- **WORK INSTRUCTIONS**
Your job is to copy every record exactly.

- **SOURCE MATERIAL**
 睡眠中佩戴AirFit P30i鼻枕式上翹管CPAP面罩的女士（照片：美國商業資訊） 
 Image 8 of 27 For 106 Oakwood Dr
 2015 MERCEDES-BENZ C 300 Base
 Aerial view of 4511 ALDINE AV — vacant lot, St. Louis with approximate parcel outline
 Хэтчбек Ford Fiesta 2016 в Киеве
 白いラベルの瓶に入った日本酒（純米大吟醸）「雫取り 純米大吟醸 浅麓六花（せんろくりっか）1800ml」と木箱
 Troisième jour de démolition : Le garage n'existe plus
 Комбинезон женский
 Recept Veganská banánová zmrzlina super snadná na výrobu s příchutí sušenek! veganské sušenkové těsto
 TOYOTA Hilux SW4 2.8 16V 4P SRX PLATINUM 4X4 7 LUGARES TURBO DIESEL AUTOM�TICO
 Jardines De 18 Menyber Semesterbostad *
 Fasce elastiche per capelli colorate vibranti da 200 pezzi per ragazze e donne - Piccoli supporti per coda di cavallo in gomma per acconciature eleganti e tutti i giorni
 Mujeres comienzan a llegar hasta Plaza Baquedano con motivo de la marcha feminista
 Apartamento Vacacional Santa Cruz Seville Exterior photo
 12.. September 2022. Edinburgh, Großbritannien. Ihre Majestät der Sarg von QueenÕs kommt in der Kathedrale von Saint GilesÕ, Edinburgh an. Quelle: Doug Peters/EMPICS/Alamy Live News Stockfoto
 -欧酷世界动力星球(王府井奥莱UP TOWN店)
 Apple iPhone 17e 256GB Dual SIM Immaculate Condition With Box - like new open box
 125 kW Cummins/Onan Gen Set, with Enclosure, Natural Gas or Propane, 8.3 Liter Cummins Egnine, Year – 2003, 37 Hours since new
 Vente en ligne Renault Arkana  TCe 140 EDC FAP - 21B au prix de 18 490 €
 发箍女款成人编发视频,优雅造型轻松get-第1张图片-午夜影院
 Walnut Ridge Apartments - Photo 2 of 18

- **REPLY TO THE TASK**
 睡眠中佩戴AirFit P30i鼻枕式上翹管CPAP面罩的女士（照片：美國商業資訊） 
 Image 8 of 27 For 106 Oakwood Dr
 2015 MERCEDES-BENZ C 300 Base
 Aerial view of 4511 ALDINE AV — vacant lot, St. Louis with approximate parcel outline
 Хэтчбек Ford Fiesta 2016 в Киеве
 白いラベルの瓶に入った日本酒（純米大吟醸）「雫取り 純米大吟醸 浅麓六花（せんろくりっか）1800ml」と木箱
 Troisième jour de démolition : Le garage n'existe plus
 Комбинезон женский
 Recept Veganská banánová zmrzlina super snadná na výrobu s příchutí sušenek! veganské sušenkové těsto
 TOYOTA Hilux SW4 2.8 16V 4P SRX PLATINUM 4X4 7 LUGARES TURBO DIESEL AUTOM�TICO
 Jardines De 18 Menyber Semesterbostad *
 Fasce elastiche per capelli colorate vibranti da 200 pezzi per ragazze e donne - Piccoli supporti per coda di cavallo in gomma per acconciature eleganti e tutti i giorni
 Mujeres comienzan a llegar hasta Plaza Baquedano con motivo de la marcha feminista
 Apartamento Vacacional Santa Cruz Seville Exterior photo
 12.. September 2022. Edinburgh, Großbritannien. Ihre Majestät der Sarg von QueenÕs kommt in der Kathedrale von Saint GilesÕ, Edinburgh an. Quelle: Doug Peters/EMPICS/Alamy Live News Stockfoto
 -欧酷世界动力星球(王府井奥莱UP TOWN店)
 Apple iPhone 17e 256GB Dual SIM Immaculate Condition With Box - like new open box
 125 kW Cummins/Onan Gen Set, with Enclosure, Natural Gas or Propane, 8.3 Liter Cummins Egnine, Year – 2003, 37 Hours since new
 Vente en ligne Renault Arkana  TCe 140 EDC FAP - 21B au prix de 18 490 €
 发箍女款成人编发视频,优雅造型轻松get-第1张图片-午夜影院
 Walnut Ridge Apartments - Photo 2 of 18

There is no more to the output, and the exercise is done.